Council borrowing up by more than £2bn

Public sector borrowing in August was £12.1bn, which was £1.4bn more than a year earlier, mostly because local authorities borrowed more than initially expected.

Market economists had expected a drop in borrowing to £9bn, so were surprised at the figures, released by the Office for National Statistics (ONS) yesterday.

In its analysis of the figures, the Office for Budget Responsibility (OBR) said that, to meet the July Budget forecast of £69.5bn borrowing in 2015-16, there must be a £20.6bn reduction in borrowing throughout the financial year.
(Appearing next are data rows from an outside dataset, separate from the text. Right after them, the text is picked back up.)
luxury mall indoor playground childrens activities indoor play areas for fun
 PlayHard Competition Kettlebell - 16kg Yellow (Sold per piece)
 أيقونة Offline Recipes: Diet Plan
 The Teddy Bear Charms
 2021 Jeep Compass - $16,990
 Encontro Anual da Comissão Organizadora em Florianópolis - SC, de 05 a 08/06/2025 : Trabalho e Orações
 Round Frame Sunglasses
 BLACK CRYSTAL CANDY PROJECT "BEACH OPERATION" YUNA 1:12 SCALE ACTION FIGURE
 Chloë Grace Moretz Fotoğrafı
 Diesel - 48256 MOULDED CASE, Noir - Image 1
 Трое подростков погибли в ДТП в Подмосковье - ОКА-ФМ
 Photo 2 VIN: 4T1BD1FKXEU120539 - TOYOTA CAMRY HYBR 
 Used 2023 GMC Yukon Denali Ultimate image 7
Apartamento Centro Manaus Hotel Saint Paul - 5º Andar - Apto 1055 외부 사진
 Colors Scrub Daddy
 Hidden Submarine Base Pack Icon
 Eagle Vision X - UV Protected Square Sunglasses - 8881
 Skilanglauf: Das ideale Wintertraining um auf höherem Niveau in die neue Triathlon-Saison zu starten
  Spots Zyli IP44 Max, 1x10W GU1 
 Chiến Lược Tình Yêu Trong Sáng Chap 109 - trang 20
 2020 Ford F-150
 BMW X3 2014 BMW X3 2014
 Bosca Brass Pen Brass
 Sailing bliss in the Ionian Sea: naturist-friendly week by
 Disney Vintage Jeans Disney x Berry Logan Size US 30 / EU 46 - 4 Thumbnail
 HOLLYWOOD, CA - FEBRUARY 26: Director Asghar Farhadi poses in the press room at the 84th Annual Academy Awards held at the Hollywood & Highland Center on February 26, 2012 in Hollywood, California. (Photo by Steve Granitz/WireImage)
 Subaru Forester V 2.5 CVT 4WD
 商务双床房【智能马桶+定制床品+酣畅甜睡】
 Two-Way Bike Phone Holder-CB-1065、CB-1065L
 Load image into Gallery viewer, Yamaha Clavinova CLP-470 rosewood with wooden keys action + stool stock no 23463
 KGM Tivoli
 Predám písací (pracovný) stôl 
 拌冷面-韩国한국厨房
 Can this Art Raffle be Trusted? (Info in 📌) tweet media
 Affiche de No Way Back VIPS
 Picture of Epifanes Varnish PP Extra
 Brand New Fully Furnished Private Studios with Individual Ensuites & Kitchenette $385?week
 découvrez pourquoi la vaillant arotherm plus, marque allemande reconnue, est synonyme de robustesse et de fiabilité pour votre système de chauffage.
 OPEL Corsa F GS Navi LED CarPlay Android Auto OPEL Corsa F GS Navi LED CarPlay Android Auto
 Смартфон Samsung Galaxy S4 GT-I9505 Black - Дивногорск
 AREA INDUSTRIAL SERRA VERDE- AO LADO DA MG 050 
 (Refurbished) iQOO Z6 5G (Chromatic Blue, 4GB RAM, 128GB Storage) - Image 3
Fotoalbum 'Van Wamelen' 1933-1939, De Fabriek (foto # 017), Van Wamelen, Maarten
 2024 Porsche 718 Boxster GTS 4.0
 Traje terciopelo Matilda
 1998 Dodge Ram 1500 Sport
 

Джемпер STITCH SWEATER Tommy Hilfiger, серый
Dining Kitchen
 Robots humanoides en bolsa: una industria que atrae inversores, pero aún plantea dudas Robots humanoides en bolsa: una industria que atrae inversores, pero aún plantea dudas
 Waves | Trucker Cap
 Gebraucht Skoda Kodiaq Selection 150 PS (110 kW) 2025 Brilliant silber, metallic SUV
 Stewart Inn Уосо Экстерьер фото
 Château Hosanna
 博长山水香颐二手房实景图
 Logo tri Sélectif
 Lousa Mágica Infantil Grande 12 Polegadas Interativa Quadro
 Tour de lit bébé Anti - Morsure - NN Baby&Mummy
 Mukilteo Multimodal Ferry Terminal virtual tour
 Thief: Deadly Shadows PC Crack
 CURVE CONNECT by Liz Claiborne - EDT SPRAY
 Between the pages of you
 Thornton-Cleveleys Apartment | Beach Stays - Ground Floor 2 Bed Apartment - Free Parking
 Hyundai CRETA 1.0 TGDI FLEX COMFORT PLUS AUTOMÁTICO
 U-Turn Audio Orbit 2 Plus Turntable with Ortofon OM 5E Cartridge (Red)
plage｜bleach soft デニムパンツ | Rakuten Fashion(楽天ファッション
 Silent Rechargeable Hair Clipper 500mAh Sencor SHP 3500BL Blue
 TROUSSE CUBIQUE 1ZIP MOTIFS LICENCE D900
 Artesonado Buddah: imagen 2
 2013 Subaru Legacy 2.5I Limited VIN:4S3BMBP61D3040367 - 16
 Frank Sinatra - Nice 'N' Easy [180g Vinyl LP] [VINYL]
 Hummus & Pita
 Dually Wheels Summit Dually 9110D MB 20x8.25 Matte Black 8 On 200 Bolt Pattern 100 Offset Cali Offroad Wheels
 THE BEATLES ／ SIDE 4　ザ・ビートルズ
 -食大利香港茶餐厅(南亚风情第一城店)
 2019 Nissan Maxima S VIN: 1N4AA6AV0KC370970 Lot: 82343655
However a spike in borrowing in August and upward revisions to borrowing, especially from councils, between April and July slowed down improvement – with the year-to-date borrowing over the first five months of the financial year now only £4.4bn lower than the same period in 2014-15.

Its analysis report said: “There is some evidence that local authority borrowing could be higher than assumed in the July [Economic and Fiscal Outlook], given the latest Department for Communities and Local Government information on local authority current spending. We will be looking at this carefully in our next forecast.

“Other elements, such as the growth in central government receipts, are close to their full-year forecast.”

It added the revisions to this month’s release increased the public sector borrowing figure by £2.2bn in the first four months of 2015-16.

“An upward revision of £2.4bn in local authority borrowing more than explains the change. Central government spending was revised up by £0.9bn, largely reflecting higher spending by the Department of Health and the NHS than previously assumed,” the report added.

But the ONS blamed the rise in borrowing on a 3.5% fall in income tax paid during August compared to the same period last year, despite reiterating that monthly figures are “volatile”.

Public sector debt also increased by almost 4.8% compared to August 2014, now standing at £1,505bn, largely due to borrowing.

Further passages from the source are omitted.